VOORZICHTIG! Gebruik geen sterke
oplosmiddelen of reinigingsmiddelen op de
kunststof behuizing of de componenten.
9.1
Algemeen onderhoud
• Controleer de machine voor elk gebruik op
beschadigde, ontbrekende of losse onderdelen
zoals schroeven, moeren, bouten en doppen.
• Draai alle bevestigingen en doppen goed vast.

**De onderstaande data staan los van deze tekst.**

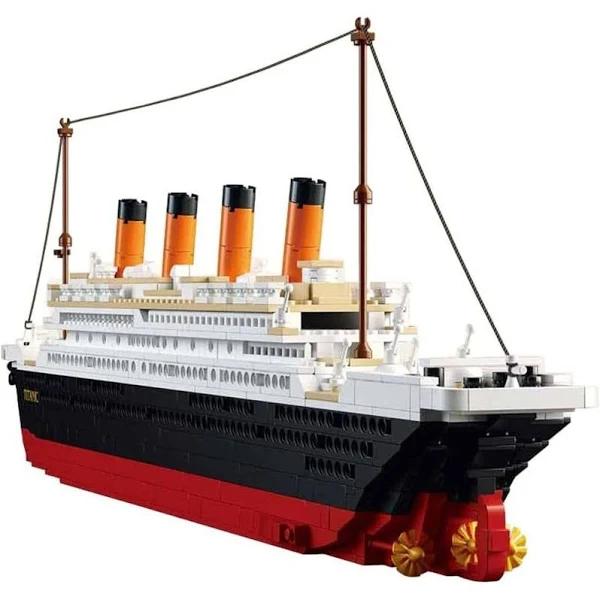 SuSenGo Building Bricks For Titanic 1021 Pieces Block Model Kit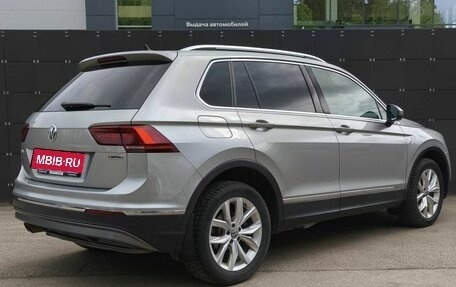 Volkswagen Tiguan II, 2018 год, 2 150 000 рублей, 5 фотография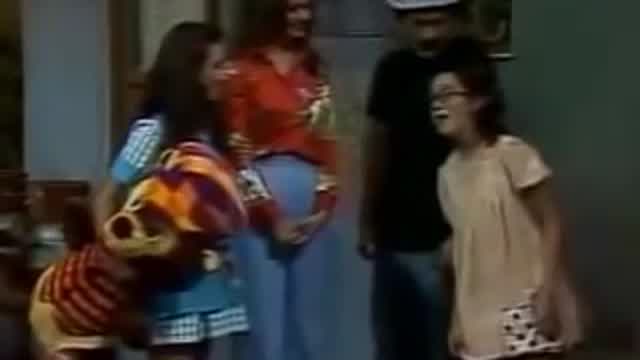 Chavo del 8 (Loquendo) - Las nuevas vecinas (MUNNTWA)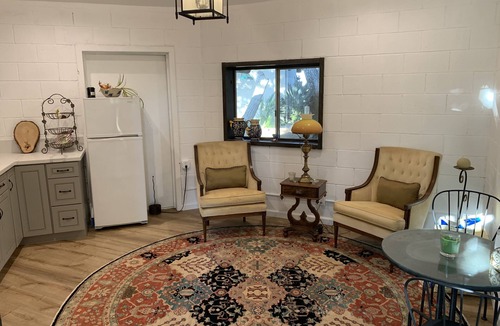 Duarte House | Quiet Country living 1 bedroom guesthouse Huge oak trees pets ok, horse property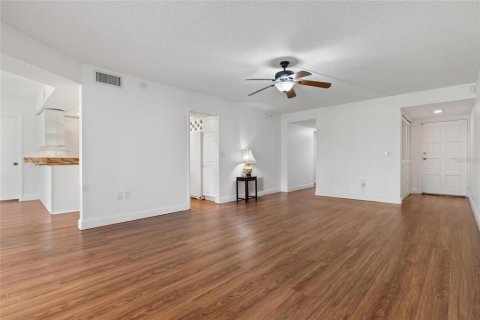Copropriété à vendre à Largo, Floride: 3 chambres, 169.08 m2 № 2296585 - photo 17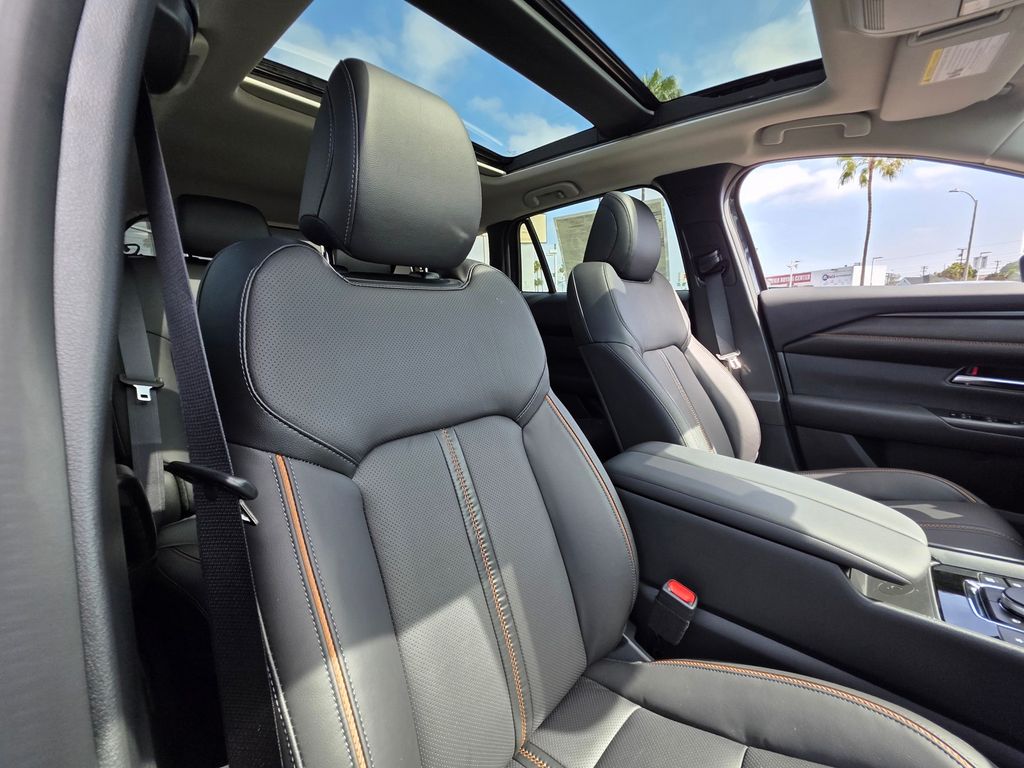 2025 Mazda CX-50 Premium Plus - Photo 11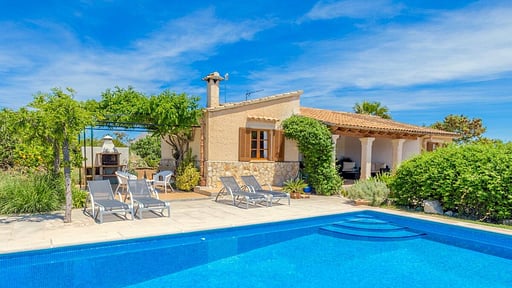 Villa Can Vives Swimming pool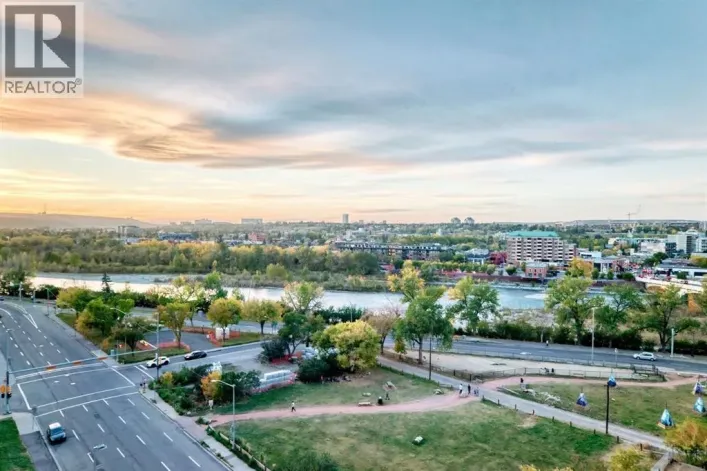 1004, 1025 5 Avenue SW, Calgary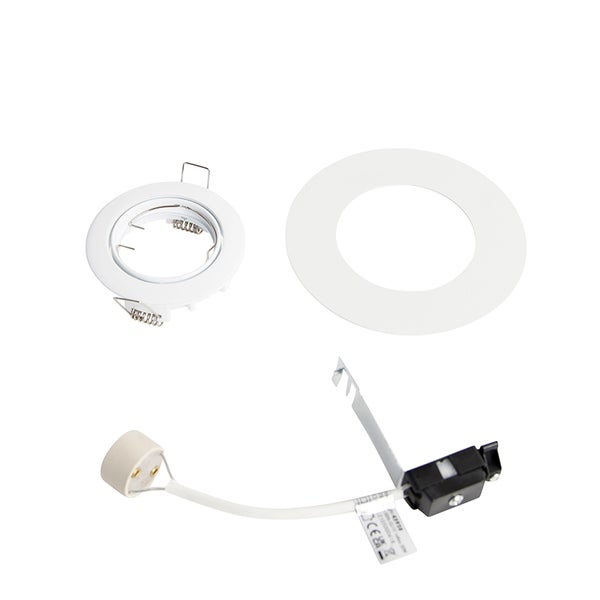 Weißes Einbaustrahler Set bestehend aus Einbaurahmen, Abdeckring und GU10 Fassung mit Anschlusskabel.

• Reinig de machine met een droge doek. Gebruik
geen water
• Voer nooit servicewerkzaamheden aan
beschadigde accu's uit. Al het onderhoud aan
accu's dient door de fabrikant of diens
gemachtigde klantenservice te worden
uitgevoerd.
9.2
Mes vervangen
WAARSCHUWING! Veiligheidssleutel (20)
verwijderen en de accupacks (21)
verwijderen. Ongewenst starten kan ernstig letsel
veroorzaken. Het mes moet stil staan.
WAARSCHUWING! Gebruik uitsluitend
toegestane messen. Zie het hoofdstuk
Toebehoren.
WAARSCHUWING! Draag duurzame
veiligheidshandschoenen en een
veiligheidsbril. Pas op voor de scherpe messen.
Afb. H.
1. Gereedschap stoppen.
2. Veiligheidssleutel (20) verwijderen.
3. Accupacks (21) verwijderen.
4. Controleer dat het mes (26) tot stilstand is
gekomen.
5. Plaats de machine op de zijkant.
6. Een stabiel stuk hout (5 cm x 5 cm x 60 cm), zo
plaatsen dat de beweging van het mes wordt
voorkomen.
7. Bevestigingsschroef (24) (tegen de klok in) met
een steeksleutel (SW 14) eraf draaien.
Bevestigingsschroef (24) en sluitring (25)
verwijderen.
8. Versleten mes (26) verwijderen.
9. Nieuw mes (26) plaatsen: let erop dat de halve
cirkelvormige gaten in het mes (27) in
overeenstemming met de halve cirkels op het
gereedschap (27) brengen.
10.Een stabiel stuk hout (5 cm x 5 cm x 60 cm), zo
plaatsen dat de beweging van het mes wordt
voorkomen.
11.Sluitring (25) en bevestigingsschroef (24)
plaatsen en met een steeksleutel (SW 14) (met
de klok mee) vast draaien.
9.3
Smeren
Smeren is niet nodig.
WAARSCHUWING! Smeer in geen geval de
componenten van de wielen. Het smeren kan
schade tijdens het gebruik veroorzaken.